Lo stesso gruppo editoriale, in fondo, non riesce a mordere veramente il potere berlusconiano, limitandosi a rendere estremisti i suoi avversari, il che gli impedisce di allargare il mercato delle vendite, come quello dei voti. Si ha una sensazione di fine corsa, anche se dagli spalti i supporters si fanno sentire rumorosi, perché s’è persa la visione di quel che potrebbe essere una sinistra di governo. Ci si oppone agli altri, se si è all’opposizione, ed a se stessi se si è al governo. Non c’è altro. Idee, progetti, programmi, tutto sembra essere stato annegato nel fragore della pugna, puntualmente coronata da sconfitta o da vittoria autodistruttiva.

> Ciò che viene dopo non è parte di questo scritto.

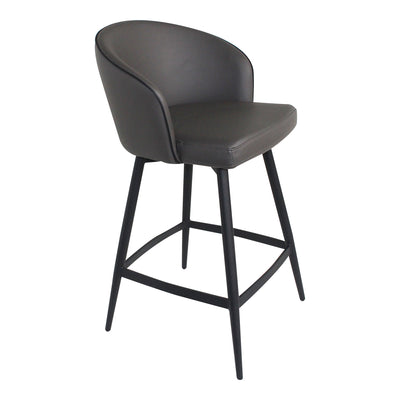 Webber Swivel Counter Stool by Moe's Home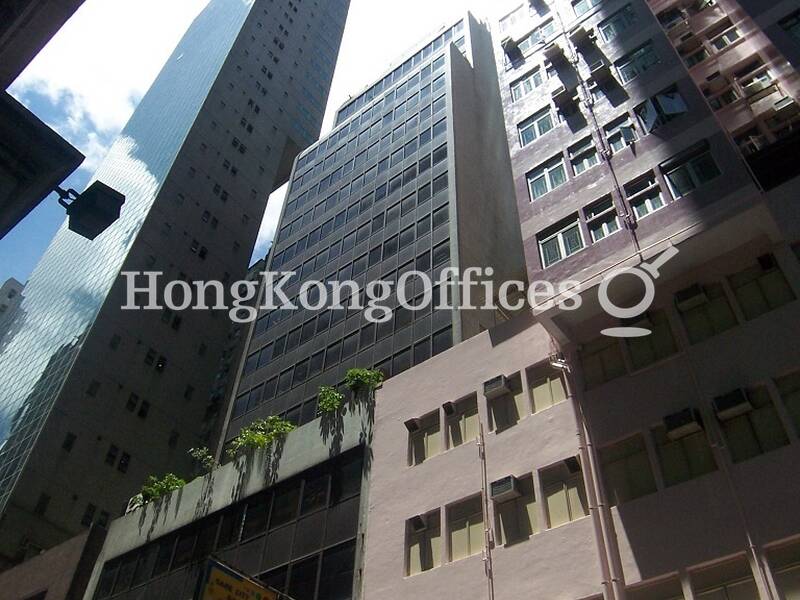 Kingpower Commercial Building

Morale: De Benedetti si fa gli affari suoi. Il mondo di cui fu indiscusso protagonista, in gran parte, non c’è più. Voleva come avversario da battere Agnelli, gli è invece toccato Berlusconi, vincente per giunta. Il vecchio condottiero non ha perso l’amore per il campo di battaglia, la passione per il clangore delle spade. Ma le rotea per far soldi. Che è anche una bella cosa, a patto di non essere quelli che devono rimetterceli.